Nessa madrugada, o país acordou para mais um daqueles rebates de consciência, normalmente motivados por uma tragédia, que o faz encarar que há um país com cidadãos com os mesmos direitos que os outros que não tiveram a sorte de nascer do lado certo da ponte, ou seja, próximo do litoral. No caso, o choque ainda foi maior porque Castelo de Paiva nem sequer fica muito longe do Porto – da vizinha serra da Freita é possível ver o mar –, mas era um concelho servido por uma péssima rede viária.

Hoje, felizmente, o país não é o mesmo. Desde logo, já se chega mais depressa ao local, mesmo que os 8,8 quilómetros que faltam para ligar devidamente a nova ponte à A4 ainda estejam à espera dos dinheiros da “bazuca” europeia. Hoje, o país tem mais estradas e a Infra-estruturas de Portugal garante que 90% das obras estão em estado de conservação razoável ou bom e em 2021 está previsto um investimento de 35 milhões nesta área.

As cenas de socorro a que o país assistiu atónito, com corporações de bombeiros a acorrerem cheias de voluntarismo, mas com a Marinha a tomar conta das operações, também dificilmente são repetíveis.

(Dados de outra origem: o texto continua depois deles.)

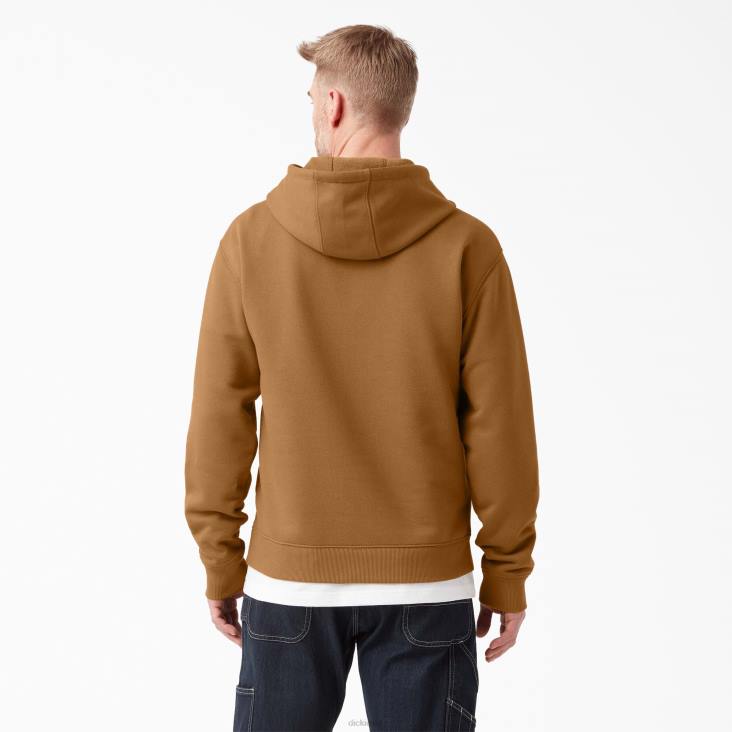 Heren Dickies waterafstotende driekleurige hoodie met logo bruine eend (bd) kleding 6F0X1104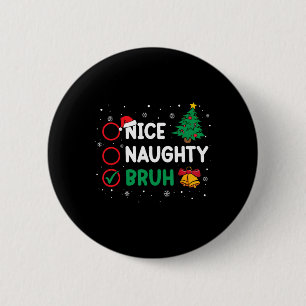 Badge Rond 5 Cm Joyeux Noël Mignon Méchant Frère Drôle Liste de No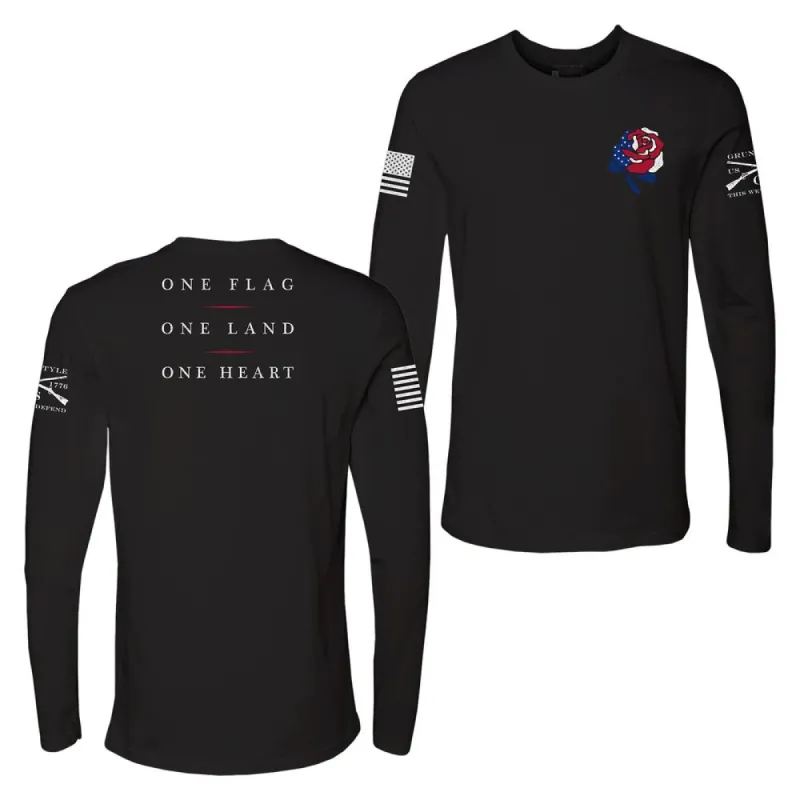 Women's Freedom Rose Long Sleeve - Black sold by Grunt Style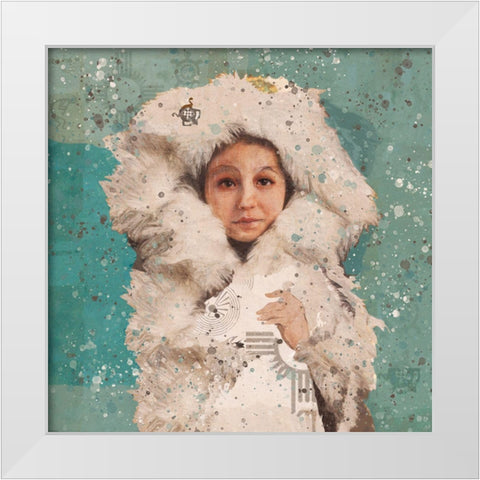 Eskimo Child II White Modern Wood Framed Art Print by Wiley, Marta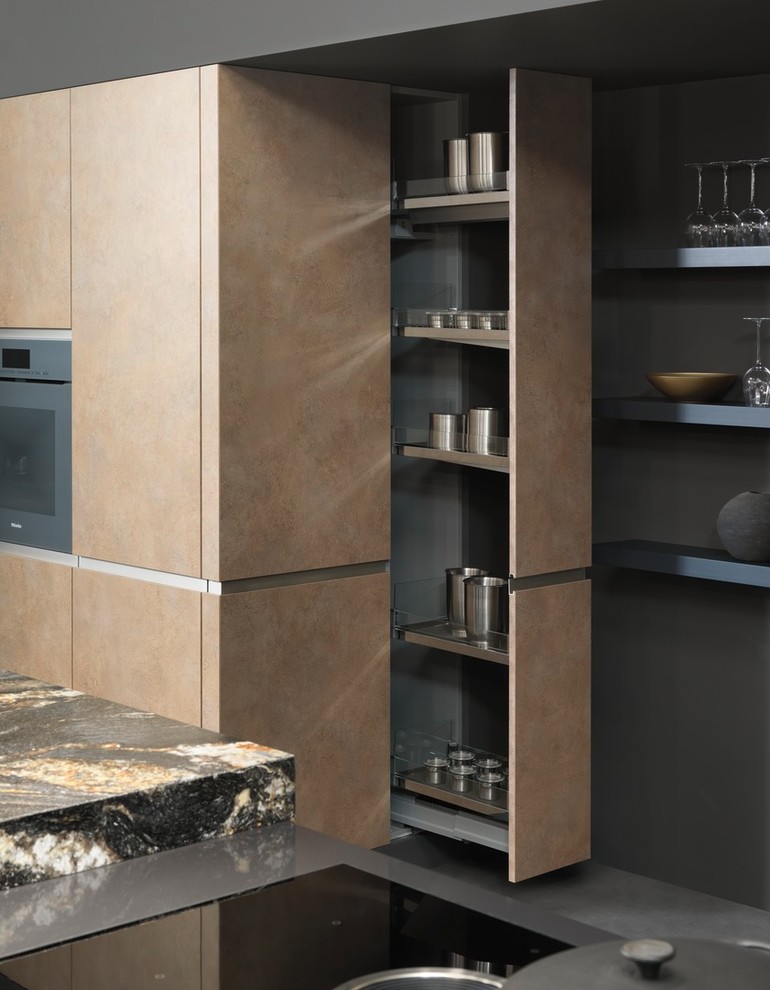This is an example of a contemporary kitchen in West Midlands.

Hoje a Protecção Civil tem uma organização estruturada que permite pensar que uma tragédia semelhante teria uma resposta bem diferente.

Os mais de 80 milhões de euros investidos na sequência da tragédia também ajudaram Castelo de Paiva a levantar a cabeça, mas são curtos para inverter a tragédia silenciosa que muitos “Castelos de Paiva” sofrem num país demasiado desequilibrado entre o litoral e o resto. Em 20 anos, o concelho não conseguiu estancar a sangria e perdeu 10% da sua população, numa tendência que parece inexorável.

Ninguém pode apagar a tragédia de há 20 anos, como ninguém poderá devolver a Paulina os nove familiares que perdeu naquela noite fria. Mas é bom constatar que o país aprendeu alguma coisa, mesmo que seja quase sempre demasiado tarde para quem ainda continua do lado errado da ponte.